→ **WORK TASK**
Show every line from the data below that includes "السودان".

# # #

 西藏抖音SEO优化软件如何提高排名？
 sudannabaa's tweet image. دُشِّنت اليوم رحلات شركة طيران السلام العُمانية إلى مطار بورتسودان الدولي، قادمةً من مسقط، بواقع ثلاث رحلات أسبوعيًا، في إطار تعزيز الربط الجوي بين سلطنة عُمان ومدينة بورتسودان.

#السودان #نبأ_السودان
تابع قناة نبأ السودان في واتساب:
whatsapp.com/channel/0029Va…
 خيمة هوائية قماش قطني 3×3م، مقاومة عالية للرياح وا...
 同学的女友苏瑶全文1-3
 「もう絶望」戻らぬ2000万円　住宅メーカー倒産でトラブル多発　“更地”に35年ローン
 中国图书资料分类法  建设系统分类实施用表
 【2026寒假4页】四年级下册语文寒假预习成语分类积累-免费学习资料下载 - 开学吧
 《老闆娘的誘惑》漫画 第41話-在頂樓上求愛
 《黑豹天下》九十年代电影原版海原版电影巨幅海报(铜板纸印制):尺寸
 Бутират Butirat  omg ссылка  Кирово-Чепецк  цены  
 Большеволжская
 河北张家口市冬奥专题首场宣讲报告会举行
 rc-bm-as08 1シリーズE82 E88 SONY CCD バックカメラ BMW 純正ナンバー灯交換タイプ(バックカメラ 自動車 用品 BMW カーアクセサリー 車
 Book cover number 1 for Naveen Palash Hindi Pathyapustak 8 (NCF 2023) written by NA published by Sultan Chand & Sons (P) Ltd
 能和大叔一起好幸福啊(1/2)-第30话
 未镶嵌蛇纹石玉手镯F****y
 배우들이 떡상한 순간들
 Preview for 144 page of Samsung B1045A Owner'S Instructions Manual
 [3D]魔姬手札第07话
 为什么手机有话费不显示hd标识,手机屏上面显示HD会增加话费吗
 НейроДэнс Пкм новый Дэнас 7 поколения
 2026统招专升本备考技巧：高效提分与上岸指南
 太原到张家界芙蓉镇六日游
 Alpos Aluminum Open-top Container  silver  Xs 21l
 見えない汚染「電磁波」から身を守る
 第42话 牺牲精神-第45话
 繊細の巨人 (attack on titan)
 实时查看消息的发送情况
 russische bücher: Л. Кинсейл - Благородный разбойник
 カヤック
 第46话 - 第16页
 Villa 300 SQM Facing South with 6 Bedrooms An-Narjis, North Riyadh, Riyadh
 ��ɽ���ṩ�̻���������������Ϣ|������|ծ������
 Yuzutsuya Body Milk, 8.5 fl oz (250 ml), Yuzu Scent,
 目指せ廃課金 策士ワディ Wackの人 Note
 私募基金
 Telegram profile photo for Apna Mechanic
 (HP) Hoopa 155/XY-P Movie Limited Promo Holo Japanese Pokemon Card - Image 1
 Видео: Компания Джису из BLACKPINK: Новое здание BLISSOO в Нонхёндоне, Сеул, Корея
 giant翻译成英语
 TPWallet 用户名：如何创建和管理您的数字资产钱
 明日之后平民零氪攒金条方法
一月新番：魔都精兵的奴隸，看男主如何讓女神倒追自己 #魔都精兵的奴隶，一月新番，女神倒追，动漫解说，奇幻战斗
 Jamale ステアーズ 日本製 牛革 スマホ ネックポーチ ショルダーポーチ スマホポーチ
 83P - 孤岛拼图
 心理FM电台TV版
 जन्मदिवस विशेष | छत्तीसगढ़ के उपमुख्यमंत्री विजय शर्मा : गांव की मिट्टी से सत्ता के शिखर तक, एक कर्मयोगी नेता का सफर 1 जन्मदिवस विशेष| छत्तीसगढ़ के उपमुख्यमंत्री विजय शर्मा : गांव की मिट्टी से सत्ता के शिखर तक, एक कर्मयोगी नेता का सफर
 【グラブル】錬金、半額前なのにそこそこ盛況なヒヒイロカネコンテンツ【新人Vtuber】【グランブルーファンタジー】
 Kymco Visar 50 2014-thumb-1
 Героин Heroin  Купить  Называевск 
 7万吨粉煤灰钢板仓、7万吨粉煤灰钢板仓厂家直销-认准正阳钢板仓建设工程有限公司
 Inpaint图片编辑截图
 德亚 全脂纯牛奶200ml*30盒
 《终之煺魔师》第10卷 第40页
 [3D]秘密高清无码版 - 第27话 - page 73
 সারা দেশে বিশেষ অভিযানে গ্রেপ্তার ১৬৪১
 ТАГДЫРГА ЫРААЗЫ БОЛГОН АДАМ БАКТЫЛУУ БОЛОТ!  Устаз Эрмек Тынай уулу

# # #

→ **RESPONSE**
#السودان #نبأ_السودان
تابع قناة نبأ السودان في واتساب:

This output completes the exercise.